TASK DESCRIPTION: Begin at the line containing "Lexus RX 2024, auction grade 4.5" in the entries below and end at the line containing "Choice Pot Set"; transcribe that range exactly and nothing outside it.

EXTRACTED INFORMATION:
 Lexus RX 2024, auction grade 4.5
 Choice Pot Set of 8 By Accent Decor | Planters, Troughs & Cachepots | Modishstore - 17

...

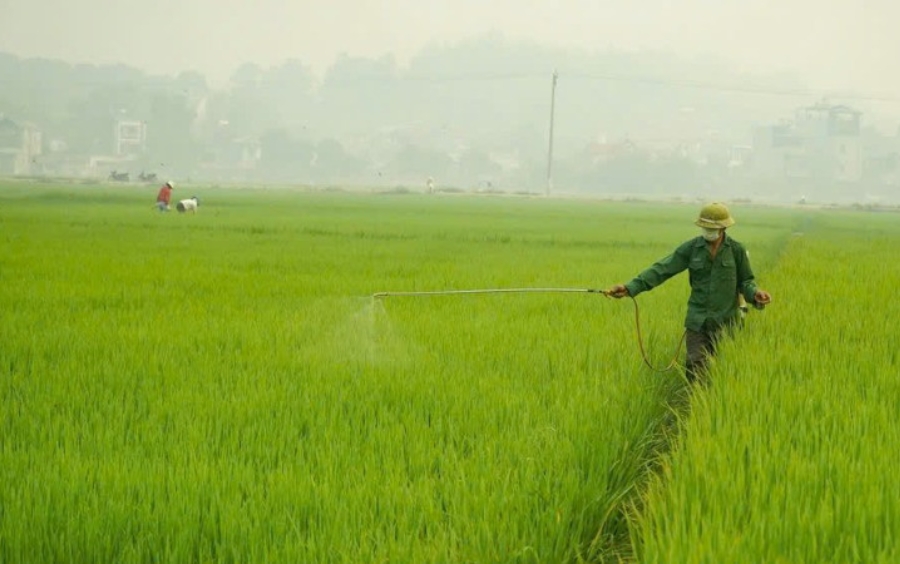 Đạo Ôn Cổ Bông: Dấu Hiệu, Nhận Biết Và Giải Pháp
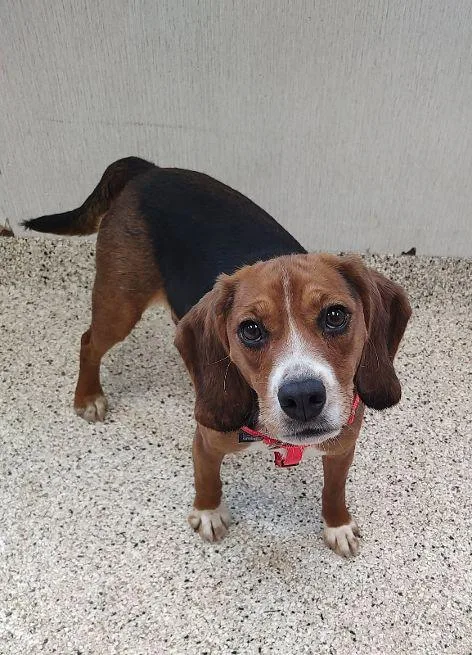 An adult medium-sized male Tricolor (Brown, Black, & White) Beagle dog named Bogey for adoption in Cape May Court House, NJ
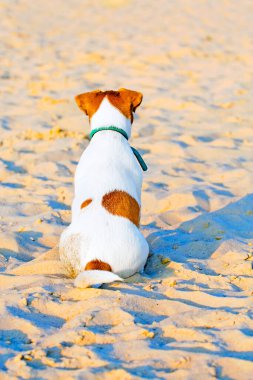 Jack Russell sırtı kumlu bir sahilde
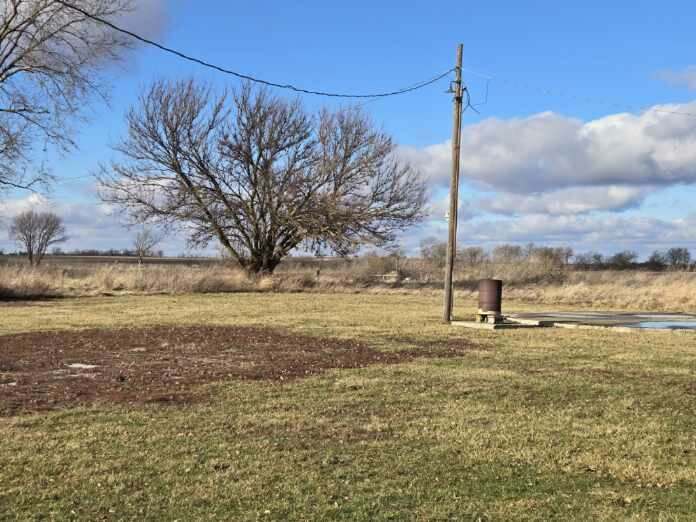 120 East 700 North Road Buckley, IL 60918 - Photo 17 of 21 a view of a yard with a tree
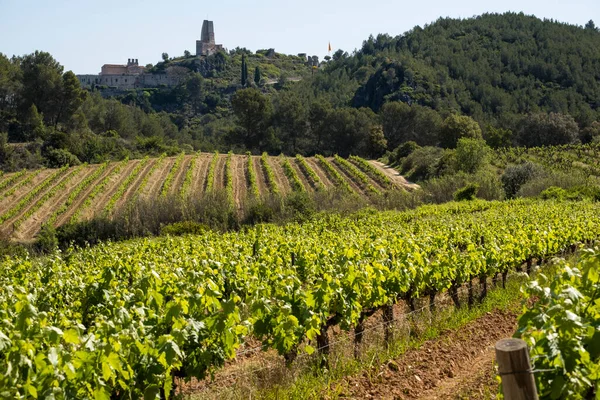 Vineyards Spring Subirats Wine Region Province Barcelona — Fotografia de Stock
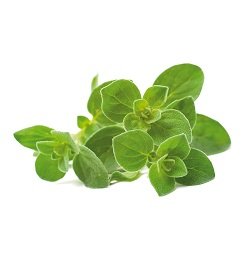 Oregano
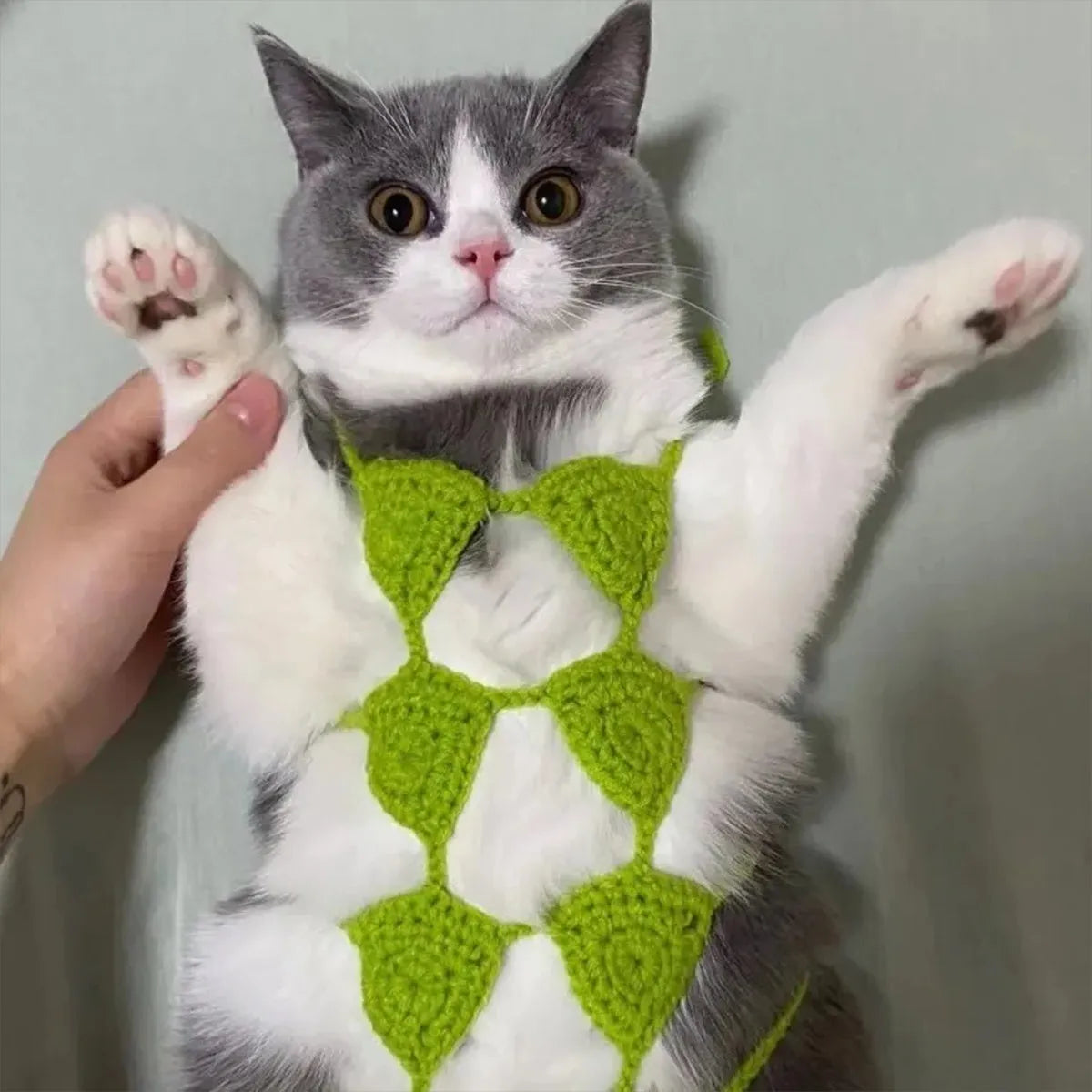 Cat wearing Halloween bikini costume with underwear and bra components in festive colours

--

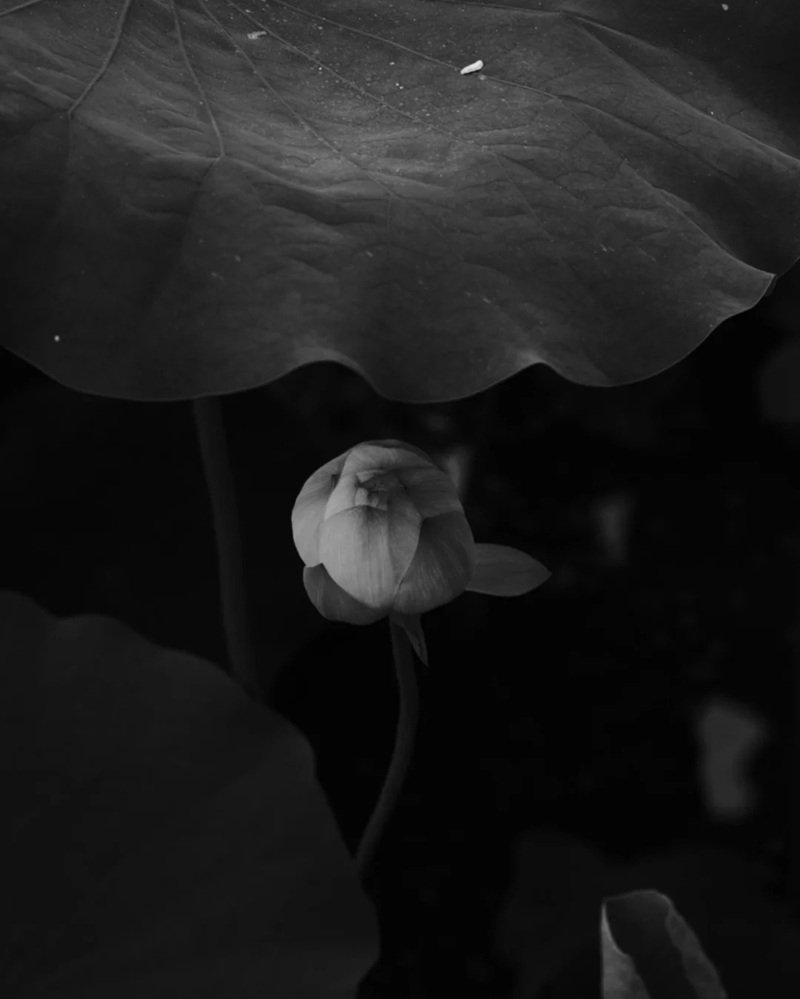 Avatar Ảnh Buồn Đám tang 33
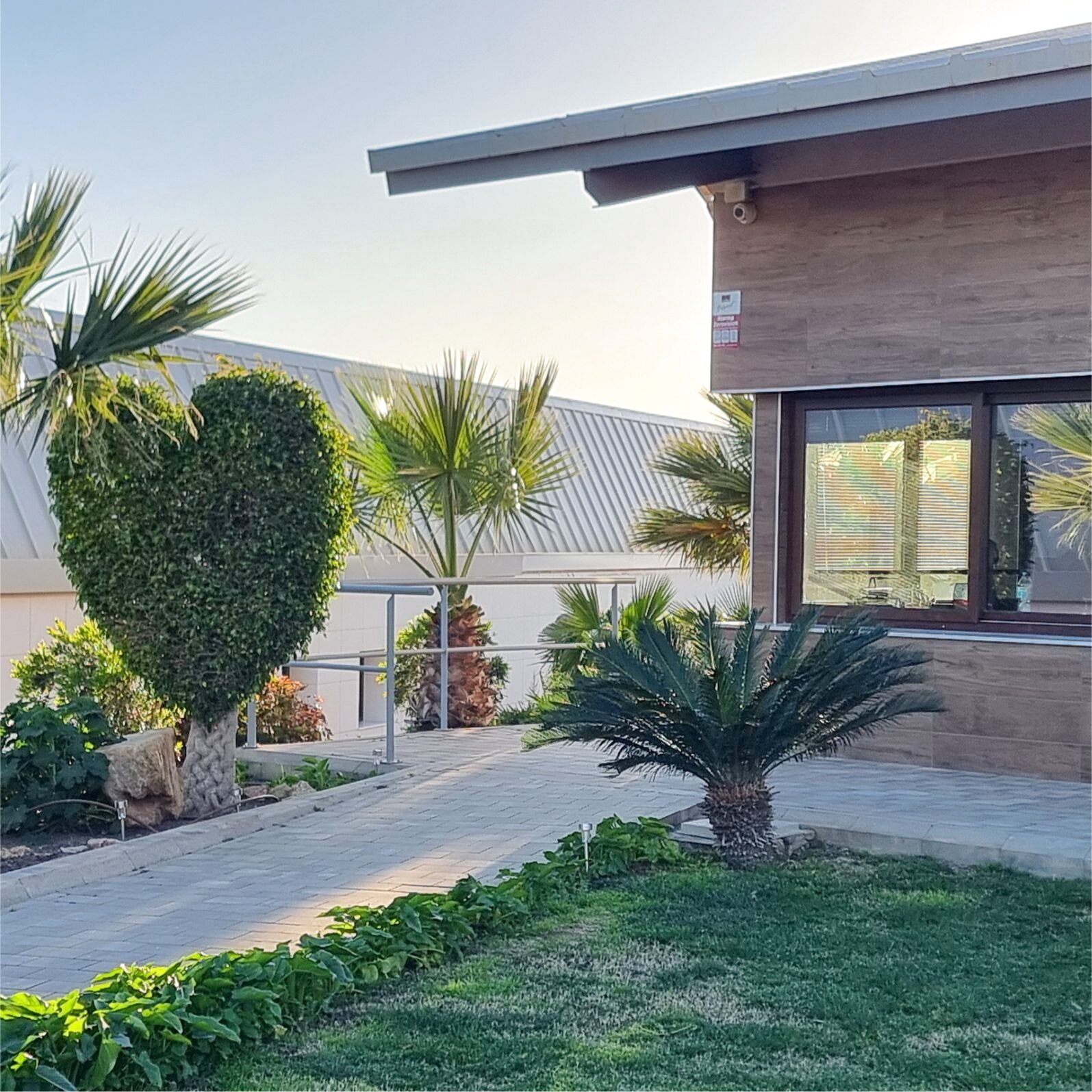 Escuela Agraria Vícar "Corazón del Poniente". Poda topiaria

RESPONSE:
 Lexus RX 2024, auction grade 4.5
 Choice Pot Set of 8 By Accent Decor | Planters, Troughs & Cachepots | Modishstore - 17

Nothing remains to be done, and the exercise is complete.